Hamid mengangguk lalu berbalik pergi meninggalkan Arif tanpa berucap apa pun. Berjalan cepat menuju lorong di samping meja resepsionis, lalu berhenti sebelum mencapai pintu kaca yang berada di ujung, bertolak pinggang menatap Nila.
“Bapak salah paham.” Nila segera meluruskan sebuah kesalahpahaman yang telah dilihat pria itu. “Saya sama mas—”
“Djiwa nelpon saya.” Hamid kemudian bersedekap. Menatap tanya dan tidak lagi meneruskan ucapannya karena menunggu penjelasan dari Nila.
“Pak Djiwa?” Nila mengusap tengkuknya sejenak. “Tapi saya baru bicara sama Nena, Pak, bukan pak Djiwa”
“Dan Nena langsung bicara tentang keinginanmu itu dengan Djiwa.”
“Itu di luar kendali saya.”
“Dan dia setuju.”
“What?” Nila yang sempat tersenyum dalam keterkejutannya, segera melipat bibir. “Jadi, pak Djiwa setuju?”

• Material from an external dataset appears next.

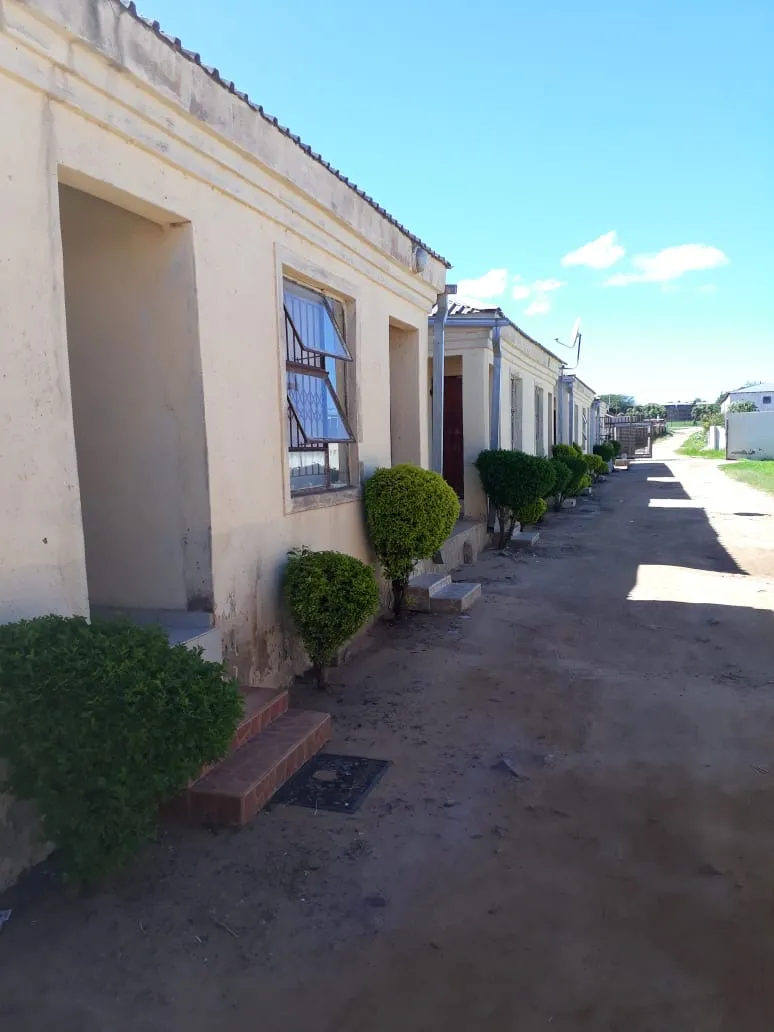 Room entrances at Eribuweni Gardens with trimmed garden shrubs and tiled steps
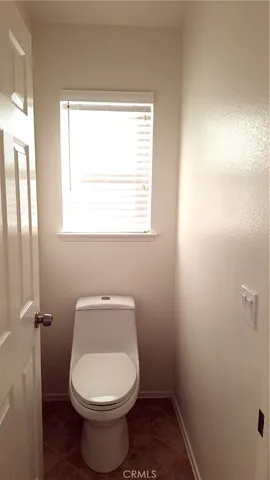 a white toilet sitting in a bathroom next to a window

“Seharusnya kamu bicarakan ini dengan saya lebih dulu.” Hamid menggeleng pelan lalu menghela. “Kamu sudah jadi reporter selama tiga tahun. Memutuskan mundur dan jadi sekred itu keputusan yang ... bodoh.”
“Pak—”
“Kamu reporter yang luar biasa dan nggak ada jenjang karir ketika kamu memutuskan untuk jadi sekred,” putus Hamid memberi pandangan baru pada Nila. Gadis itu berniat mundur dari profesinya dan beralih menggantikan posisi yang akan ditinggalkan oleh Nena. “Tapi di sini, kamu bisa jadi PA, Produser, dan nggak menutup kemungkinan kamu bisa ada di posisi saya suatu saat nanti.”
“Saya.” Nila menarik napas panjang terlebih dahulu. Ia sudah memikirkan hal ini dengan cermat meskipun dalam waktu singkat. “Saya butuh rutinitas yang stabil, Pak. Dan selama tiga tahun ini—”
“Apa ini karena Arif?” sela Hamid sembari menunjuk ke arah lobi.
Nila menggeleng. “Saya sama mas Arif sudah selesai.”
Hamid tidak jadi berkomentar tentang kehidupan pribadi Nila, setelah mendengar jawaban gadis itu. Ia reflek mengangkat kedua tangan dan menggeleng. Menunjukkan ia tidak ingin lagi ikut campur dalam hal tersebut.
“Intinya, saya keberatan kalau kamu jadi sekred.” Hamid berdecak ketika ponsel di saku celananya berdering. Ia segera mengeluarkannya lalu menatap kesal pada Nila. “Dan orang yang sedang kita bicarakan nelpon. Djiwa!”